▶ **What this task involves**: Restate, exactly as written, the entries below from the line that holds "GG Matelassé leather" through the line that holds "Fauteuil en Velours". Pictures are not part of the copy.

▶ **Records supplied**:

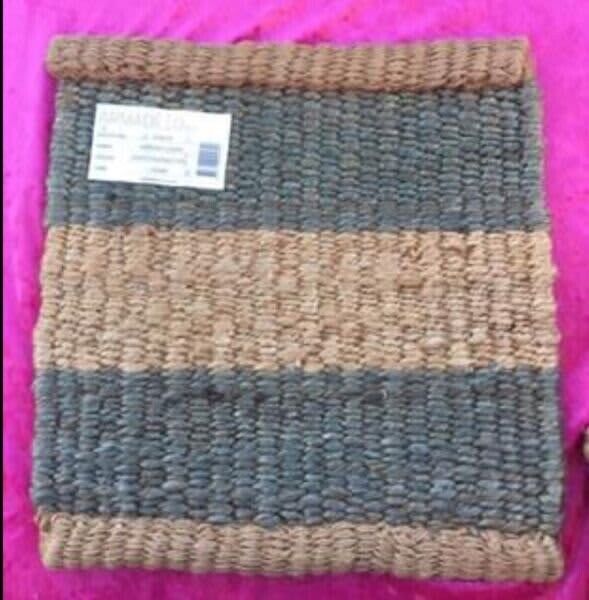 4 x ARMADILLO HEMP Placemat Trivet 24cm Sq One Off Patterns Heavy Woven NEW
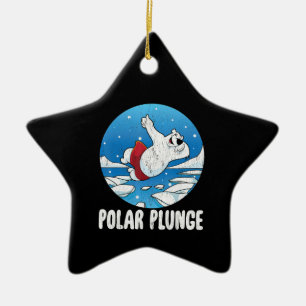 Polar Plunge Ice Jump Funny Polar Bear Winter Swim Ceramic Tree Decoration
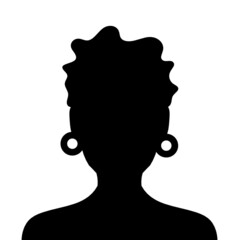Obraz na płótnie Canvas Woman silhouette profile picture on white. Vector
---
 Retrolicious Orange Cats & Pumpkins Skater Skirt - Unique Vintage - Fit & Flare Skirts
* * *
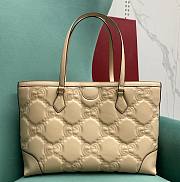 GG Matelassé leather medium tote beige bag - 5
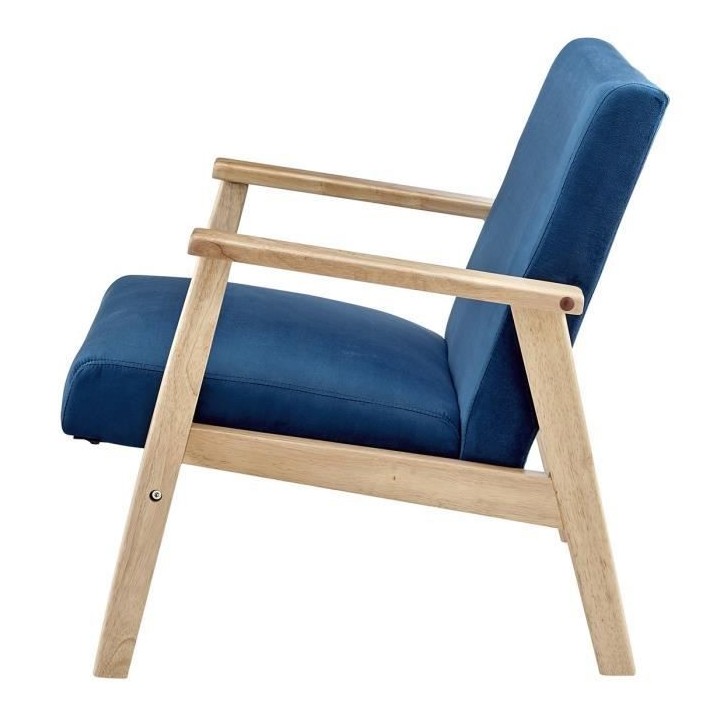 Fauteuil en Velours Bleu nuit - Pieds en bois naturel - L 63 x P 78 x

▶ **Result for this task**:
 GG Matelassé leather medium tote beige bag - 5
 Fauteuil en Velours Bleu nuit - Pieds en bois naturel - L 63 x P 78 x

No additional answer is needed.